* [PATCH nfsd-next] SQUASH sunrpc: allow svc threads to fail initialisation cleanly
@ 2024-09-15 23:45 NeilBrown
2024-09-16 0:24 ` Jeff Layton
` (3 more replies)
0 siblings, 4 replies; 5+ messages in thread
From: NeilBrown @ 2024-09-15 23:45 UTC (permalink / raw)
To: Chuck Lever III, Jeff Layton; +Cc: Linux NFS Mailing List, Olga Kornievskaia
The memory barriers in this patch were all wrong.
smp_store_release / smp_load_acquire ensures that all changes written
before the store_release are equally visible after the acquire.
These are not needed here as the *only* value that
svc_thread_init_status() or its caller sets that is of any interest to
svc_start_kthread() is ->rq_err. The barrier wold effect writes before
->rq_err is written and reads after ->rq_err is read.
However we DO need a full memory barrier between setting ->rq_err and
before the the waitqueue_active() read in wake_up_var(). This is a
barrier between a write and a read, hence a full barrier: smb_mb().

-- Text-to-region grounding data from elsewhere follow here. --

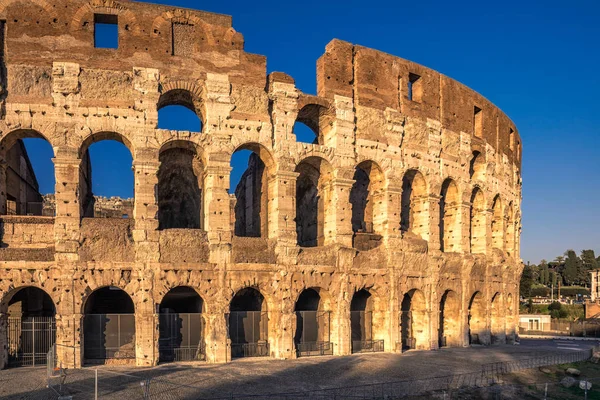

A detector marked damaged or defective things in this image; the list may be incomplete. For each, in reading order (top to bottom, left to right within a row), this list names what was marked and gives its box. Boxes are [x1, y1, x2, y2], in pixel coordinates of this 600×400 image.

broken ruined wall section [318, 39, 520, 167] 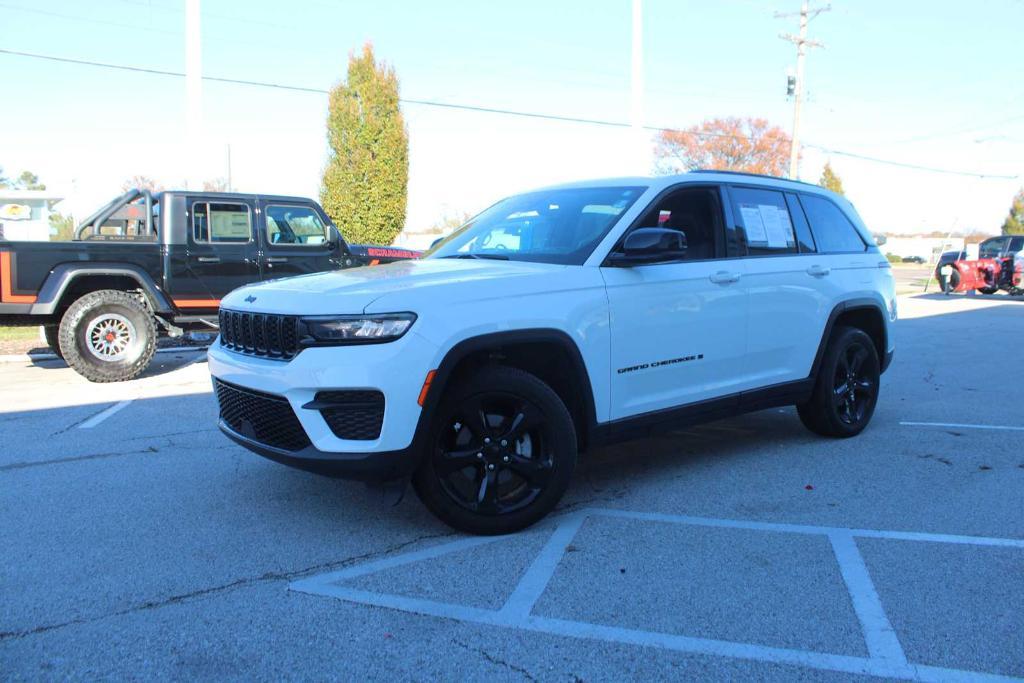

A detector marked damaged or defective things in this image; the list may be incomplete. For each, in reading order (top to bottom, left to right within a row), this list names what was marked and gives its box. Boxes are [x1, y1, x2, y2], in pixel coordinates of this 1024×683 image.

crack in pavement [0, 528, 456, 643]
crack in pavement [452, 638, 540, 679] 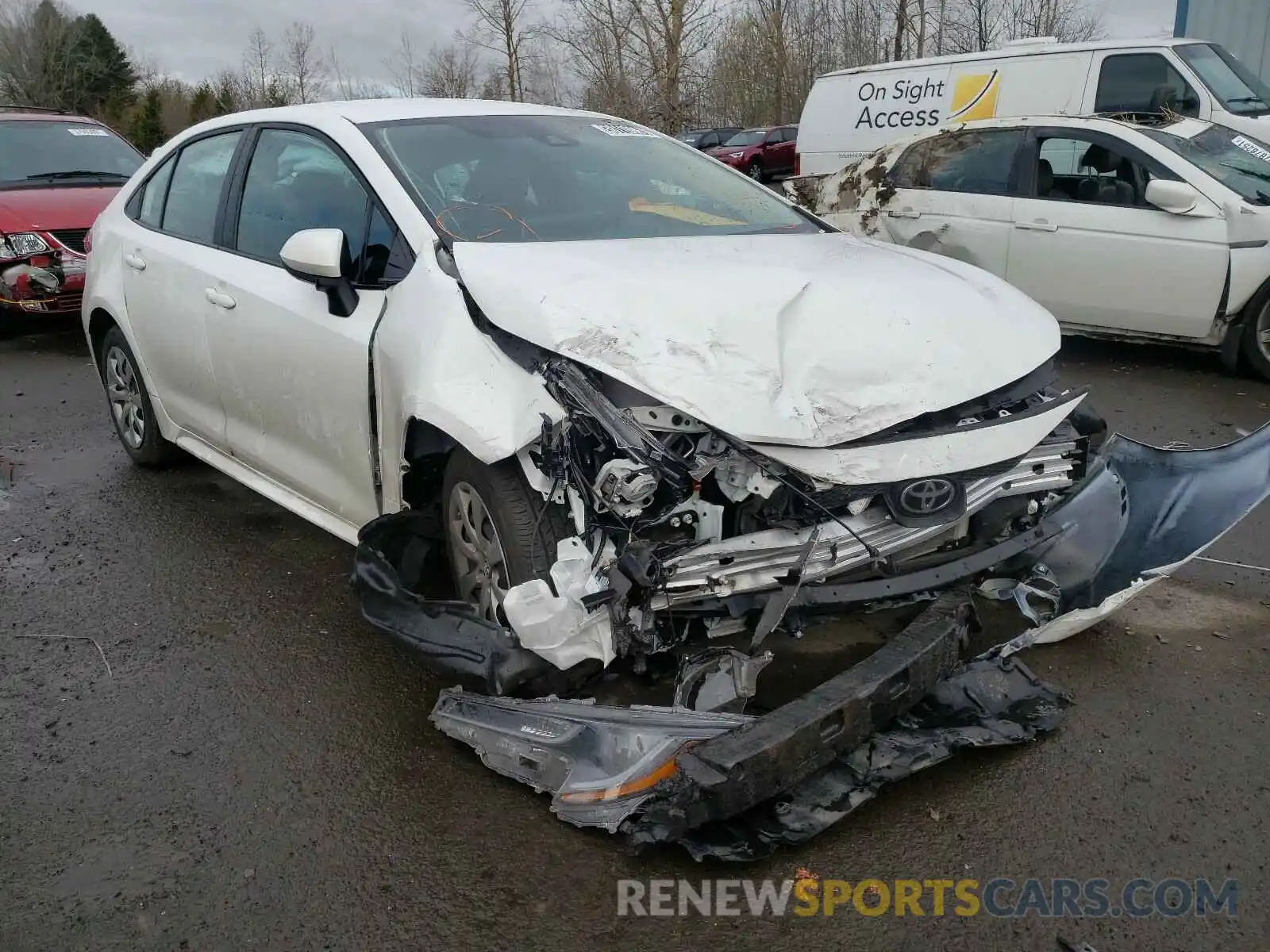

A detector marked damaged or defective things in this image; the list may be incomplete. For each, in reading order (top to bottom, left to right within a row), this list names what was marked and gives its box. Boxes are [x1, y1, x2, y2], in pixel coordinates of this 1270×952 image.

detached headlight [0, 232, 49, 259]
detached headlight [432, 690, 746, 832]
damaged silver sedan [84, 101, 1270, 863]
crumpled hood [454, 237, 1061, 449]
damaged front end [356, 327, 1270, 858]
detached front bumper cover [363, 424, 1270, 858] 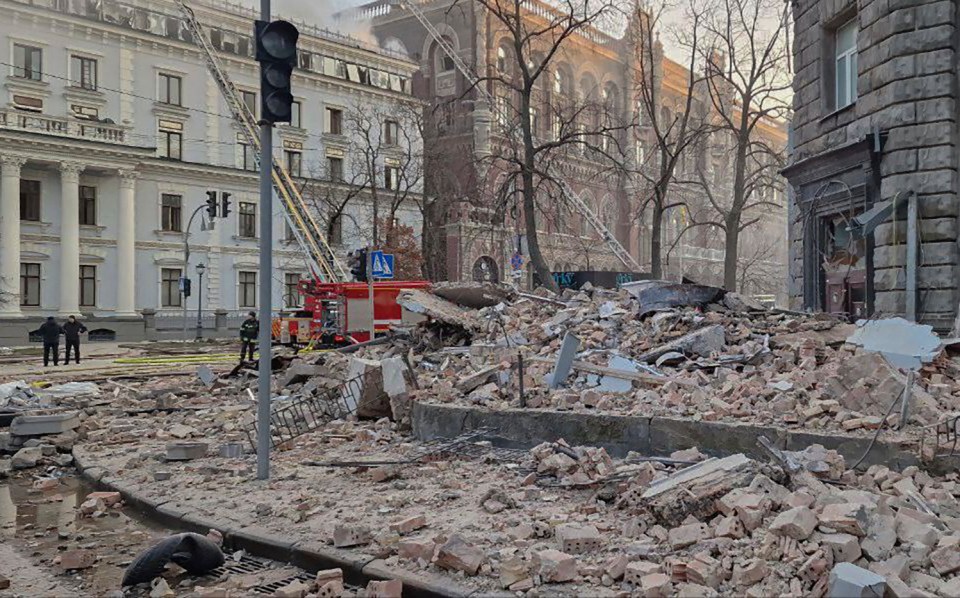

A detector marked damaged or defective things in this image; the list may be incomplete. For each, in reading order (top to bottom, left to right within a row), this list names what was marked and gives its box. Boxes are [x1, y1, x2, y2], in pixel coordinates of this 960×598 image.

damaged building facade [0, 0, 424, 344]
damaged building facade [360, 0, 788, 296]
damaged building facade [784, 0, 956, 330] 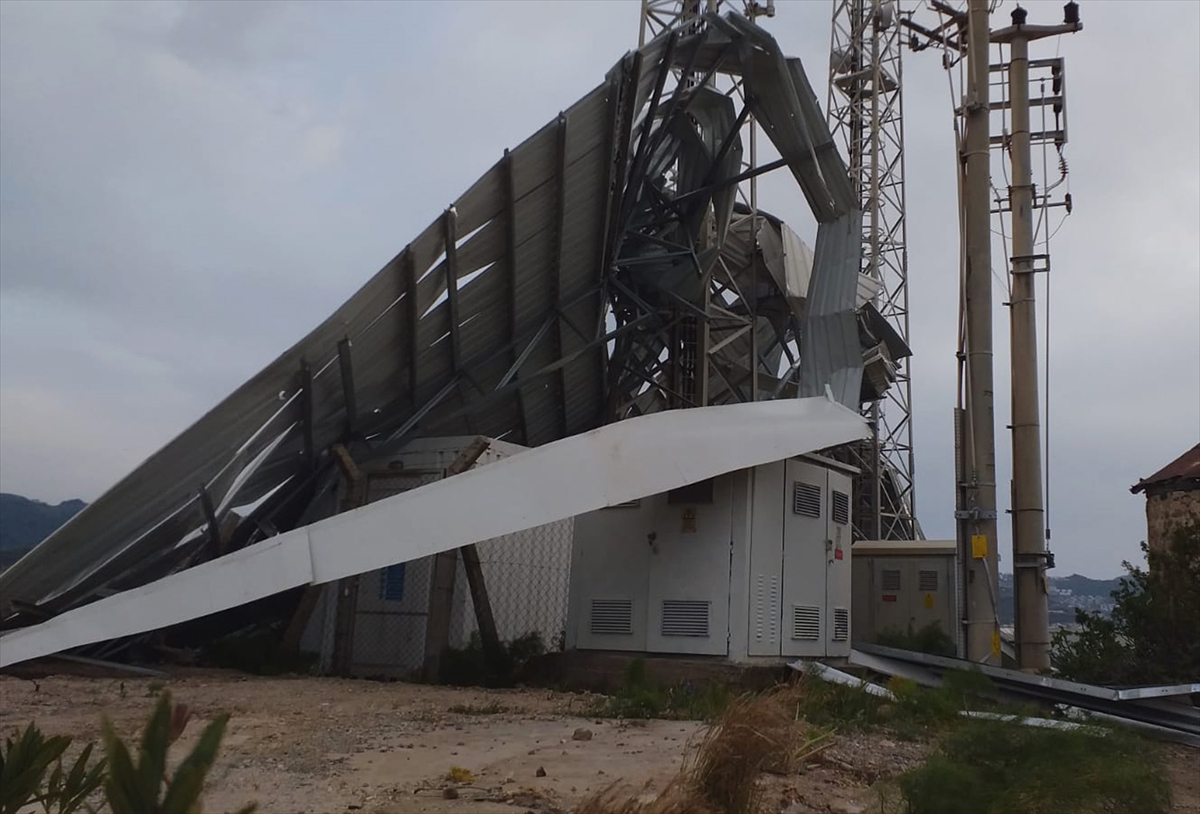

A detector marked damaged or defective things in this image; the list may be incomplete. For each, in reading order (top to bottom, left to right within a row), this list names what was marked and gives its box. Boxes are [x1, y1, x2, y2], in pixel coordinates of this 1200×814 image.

damaged roof structure [0, 12, 900, 664]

This addresses a race if wait_var_event() adds itself to the wait queue
and tests ->rq_err such that the read in waitqueue_active() happens
earlier and doesn't see that the task has been added, and the ->rq_err
write is delayed so that the waiting task doesn't see it. In this case
the wake_up never happens.
Signed-off-by: NeilBrown <neilb@suse.de>
---
include/linux/sunrpc/svc.h | 7 +++++--
net/sunrpc/svc.c | 3 +--
2 files changed, 6 insertions(+), 4 deletions(-)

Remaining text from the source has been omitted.